For a given two disjoint sets on plane:

G={(x_1^G, y_1^G), (x_2^G, y_2^G), ..., (x_n^G, y_n^G)}
D={(x_1^D, y_1^D), (x_2^D, y_2^D), ..., (x_n^D, y_n^D)}

Where for every 1 <= i, j <= n we have y_i^D < y_j^G, so G is above D.

Find an effective algorithm that counts the distance between them defined as:

d(G,D) = min{ d(a,b): a \in G and b\in D }, 
where d(a,b) = |x_a - x_b| + |y_a - y_b|

O(n^2) is trivial, so it is not the answer.

I hope the solution isn't too hard since it is from materials to review before the test. Can anybody help?

I think it will appear that this is a special case of some common problem.
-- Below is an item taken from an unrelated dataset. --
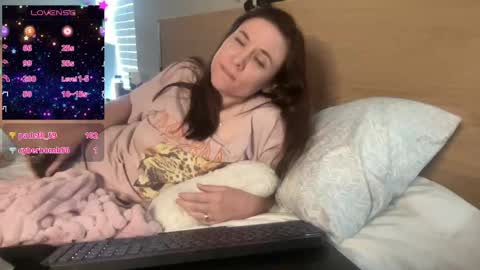 Snapshot of moorgasm3437 chatting on 03-24-26, 02:44 Double temptations online show from 03-24-26, 02:44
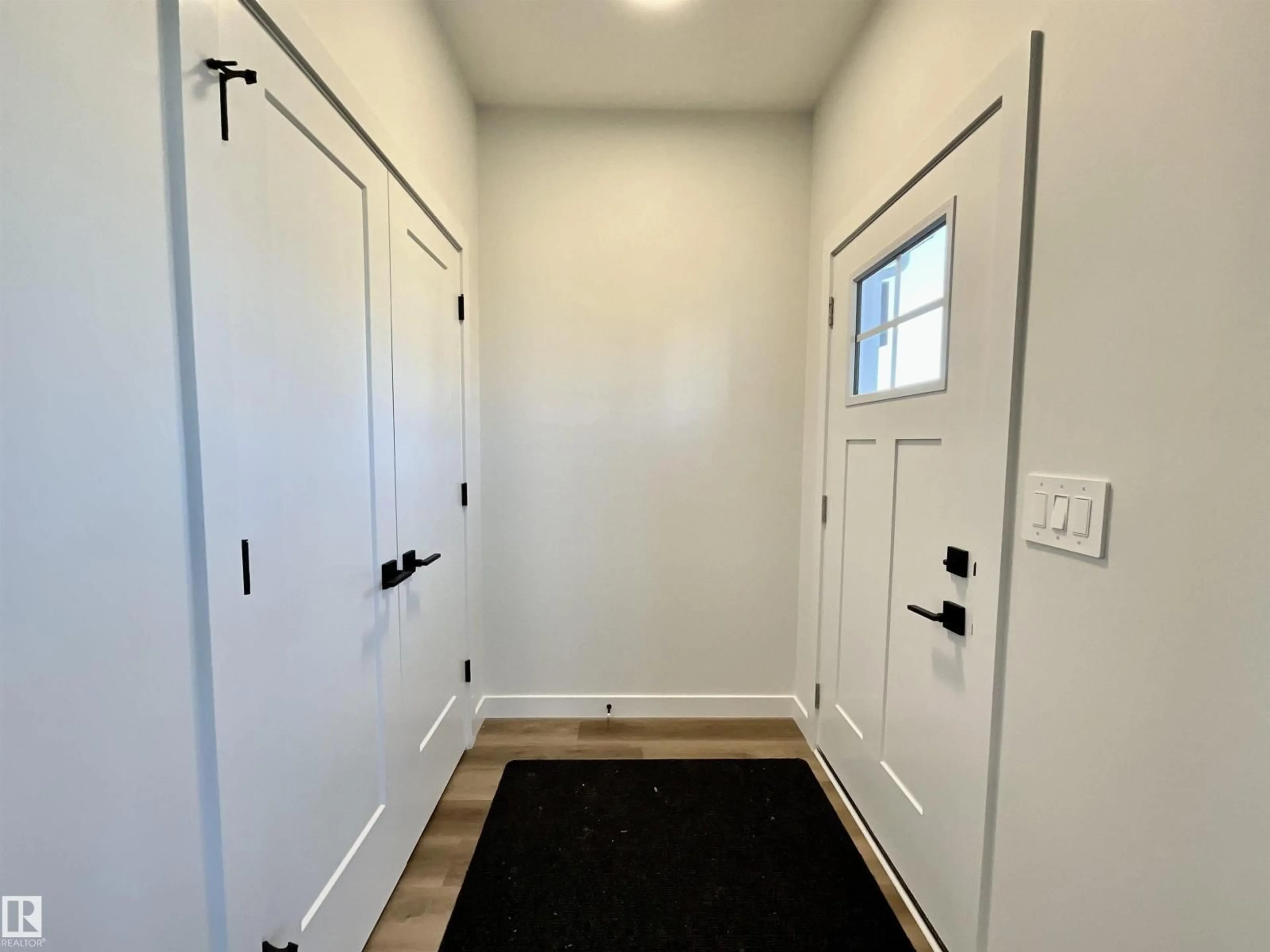 Indoor entryway for 63 SIENNA BV, Fort Saskatchewan Alberta T8L0W3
But if it is a special case, maybe the solution can be easier?

There are a few different ways to do this in O(n log n) time.
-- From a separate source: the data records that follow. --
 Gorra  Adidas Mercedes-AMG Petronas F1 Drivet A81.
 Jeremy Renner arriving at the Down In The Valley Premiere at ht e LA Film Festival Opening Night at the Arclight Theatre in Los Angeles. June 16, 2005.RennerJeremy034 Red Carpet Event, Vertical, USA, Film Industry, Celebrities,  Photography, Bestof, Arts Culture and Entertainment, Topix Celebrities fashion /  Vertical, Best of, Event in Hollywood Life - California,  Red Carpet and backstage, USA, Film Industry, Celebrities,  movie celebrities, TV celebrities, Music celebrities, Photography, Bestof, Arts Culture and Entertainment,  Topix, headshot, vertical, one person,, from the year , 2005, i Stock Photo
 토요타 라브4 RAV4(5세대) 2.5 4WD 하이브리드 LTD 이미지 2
One: Compute the manhattan distance Voronoi diagram of the G points and build a point location data structure based on that. This takes O(n log n) time. For each D point, find the closest G point using the point location data structure. This takes O(log n) time per D point. Take the min of the distances between the pairs you just found and that's your answer.

Two: You can adapt Fortune's algorithm to this problem; just keep separate binary trees for D and G points. Kind of annoying to describe.

The next idea computes the distance of the closest pair for the infinity-norm, which is max(|x1-x2|, |y1-y2|). You can tilt your problem 45 degrees (substituting u = x-y, v = x+y) to get it into the appropriate form.

Three (variant of two): Sort all of the points by y coordinate. Maintain d, the distance between the closest pair seen so far. We'll sweep a line from top to bottom, maintaining two binary search trees, one of G points and one of D points. When a point is d or farther above the sweep line, we remove it from its binary search tree. When a point is first encountered by the sweep line, say a D point, we (1) check the G binary search tree to see if it has any elements whose x-coordinate is within d of the new point's, updating d as necessary, and (2) insert the new point into D's binary search tree. Each point only causes a constant number of binary search tree operations plus a constant amount of additional work, so the sweep is O(n log n). The sort is too, unsurprisingly, so our overall time complexity is as desired.

You can probably make a divide-and-conquer strategy work too based on similar ideas to three.